**DATA RECORDS**.
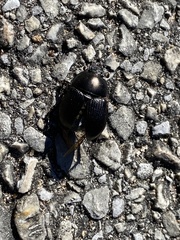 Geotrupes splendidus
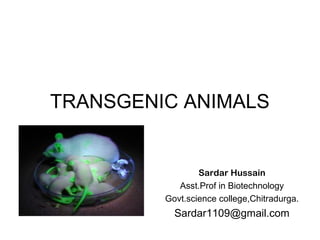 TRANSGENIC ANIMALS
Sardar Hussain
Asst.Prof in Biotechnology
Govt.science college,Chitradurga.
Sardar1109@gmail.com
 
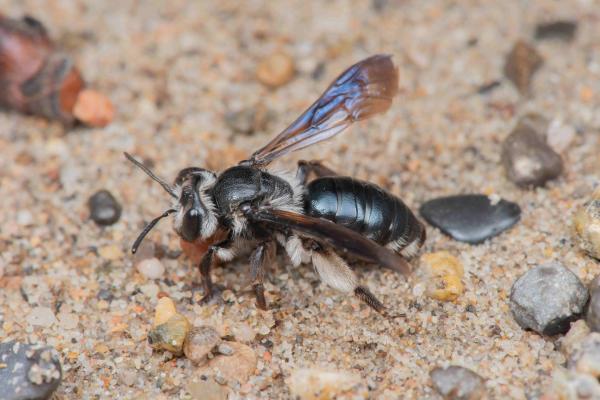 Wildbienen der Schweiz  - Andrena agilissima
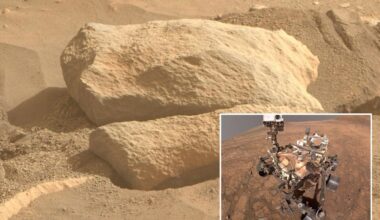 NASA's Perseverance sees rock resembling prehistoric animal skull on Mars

* * *

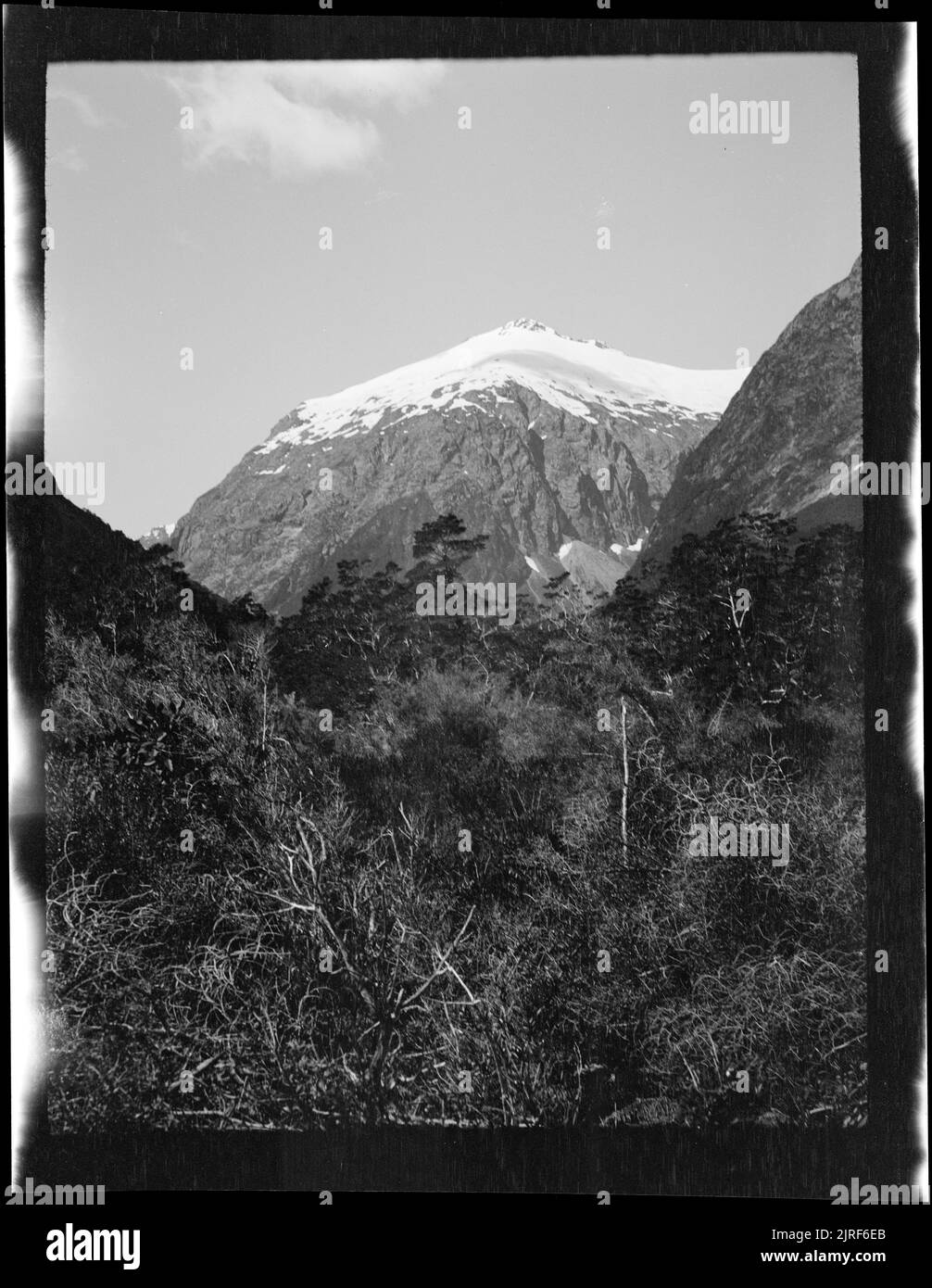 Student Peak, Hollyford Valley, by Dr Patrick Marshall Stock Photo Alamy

--

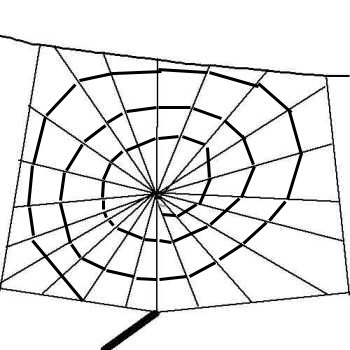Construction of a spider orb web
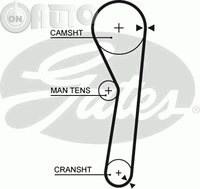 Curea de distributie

**EXERCISE AIM**. Only one stretch of the entries above is needed: the lines from the one containing "Geotrupes splendidus" through the one containing "NASA's Perseverance sees". Copy it exactly, without the pictures.

**OUTPUT OF THE TASK**.
 Geotrupes splendidus
 TRANSGENIC ANIMALS
Sardar Hussain
Asst.Prof in Biotechnology
Govt.science college,Chitradurga.
Sardar1109@gmail.com
 
 Wildbienen der Schweiz  - Andrena agilissima
 NASA's Perseverance sees rock resembling prehistoric animal skull on Mars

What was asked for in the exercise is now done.